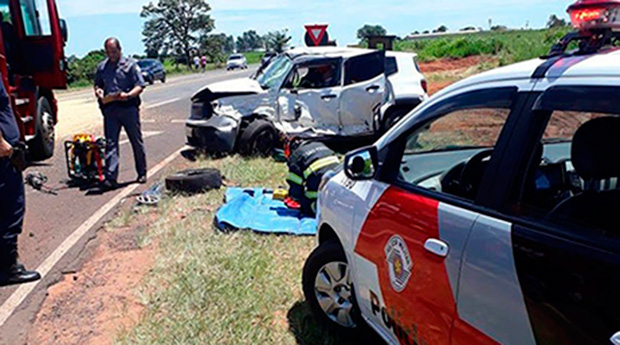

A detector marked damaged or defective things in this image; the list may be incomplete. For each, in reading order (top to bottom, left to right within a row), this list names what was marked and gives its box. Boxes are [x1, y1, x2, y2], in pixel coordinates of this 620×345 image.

detached tire [28, 97, 55, 161]
damaged vehicle bumper [184, 114, 240, 153]
detached tire [237, 118, 276, 156]
wrecked white suv [185, 46, 426, 155]
detached tire [165, 168, 223, 195]
detached tire [302, 239, 366, 336]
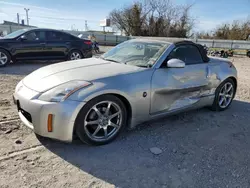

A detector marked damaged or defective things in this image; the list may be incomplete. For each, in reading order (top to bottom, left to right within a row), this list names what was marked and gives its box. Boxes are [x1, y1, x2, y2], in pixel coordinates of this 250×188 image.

damaged door [151, 43, 210, 114]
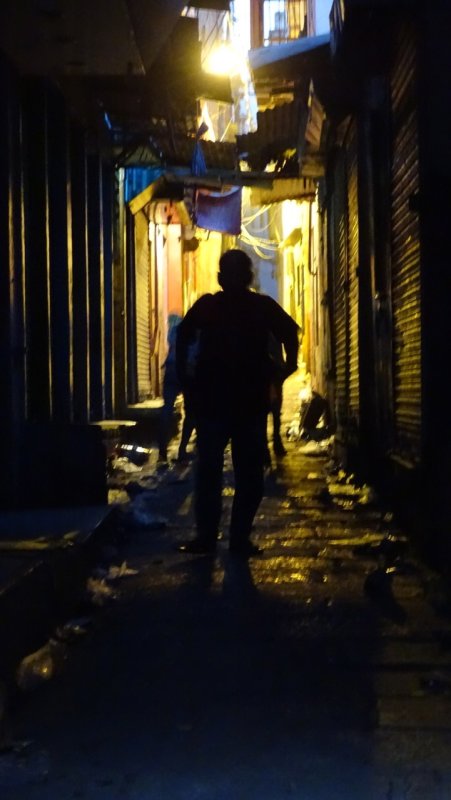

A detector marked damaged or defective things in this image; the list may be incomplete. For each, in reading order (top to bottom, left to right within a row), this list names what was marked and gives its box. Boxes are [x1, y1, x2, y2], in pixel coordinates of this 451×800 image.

rusted metal shutter [134, 211, 152, 404]
rusted metal shutter [390, 23, 422, 462]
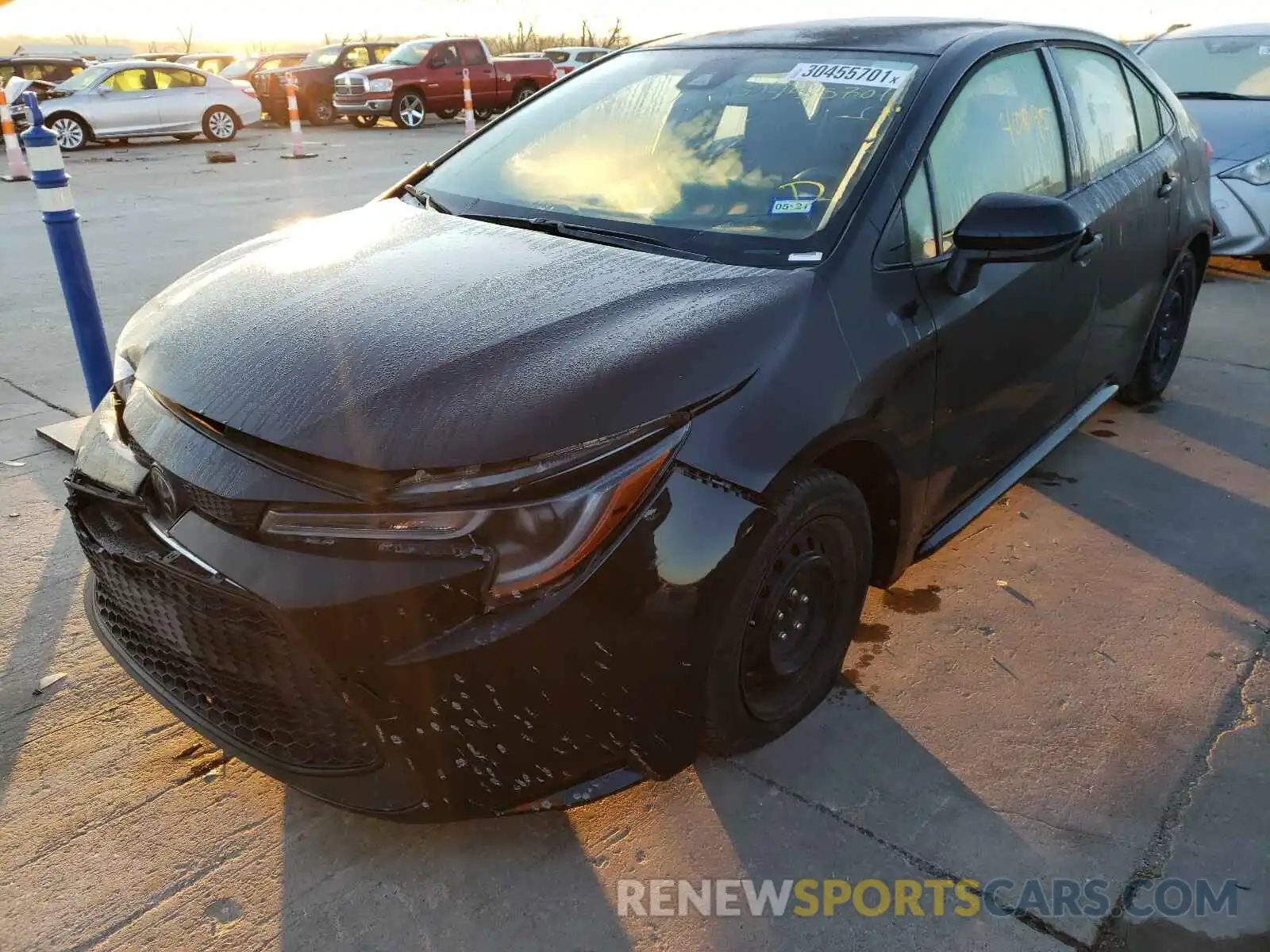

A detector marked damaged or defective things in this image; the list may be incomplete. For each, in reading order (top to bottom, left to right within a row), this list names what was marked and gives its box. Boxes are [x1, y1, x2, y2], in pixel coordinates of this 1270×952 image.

damaged front bumper [69, 390, 762, 822]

:: WHAT NEEDS TO BE DONE ::
Each record above must be returned exactly as written, with its pictures omitted.

:: ANSWER FOR THIS EXERCISE ::
A detector marked damaged or defective things in this image; the list may be incomplete. For each, in reading order (top to bottom, left to right within a row), this list names what was marked and gives its box. Boxes are [x1, y1, x2, y2], in pixel coordinates of this 620×345 image.

detached tire [28, 97, 55, 161]
damaged vehicle bumper [184, 114, 240, 153]
detached tire [237, 118, 276, 156]
wrecked white suv [185, 46, 426, 155]
detached tire [165, 168, 223, 195]
detached tire [302, 239, 366, 336]

A detector marked damaged or defective things in this image; the list may be incomplete. For each, in reading order (top to bottom, left to right within a row), this list names what was marked and gives its box. Boxes are [x1, y1, x2, y2], in pixel coordinates of this 250×188 image.

damaged door [151, 43, 210, 114]

A detector marked damaged or defective things in this image; the list may be incomplete. For each, in reading order (top to bottom, left to right within a row), this list names what was marked and gives its box. Boxes are [x1, y1, x2, y2], in pixel coordinates of this 451×800 image.

rusted metal shutter [134, 211, 152, 404]
rusted metal shutter [390, 23, 422, 462]

A detector marked damaged or defective things in this image; the list may be incomplete. For each, in reading order (top to bottom, left to right within a row), this list names what was marked and gives its box. Boxes are [x1, y1, x2, y2], in pixel coordinates of this 1270×952 image.

damaged front bumper [69, 390, 762, 822]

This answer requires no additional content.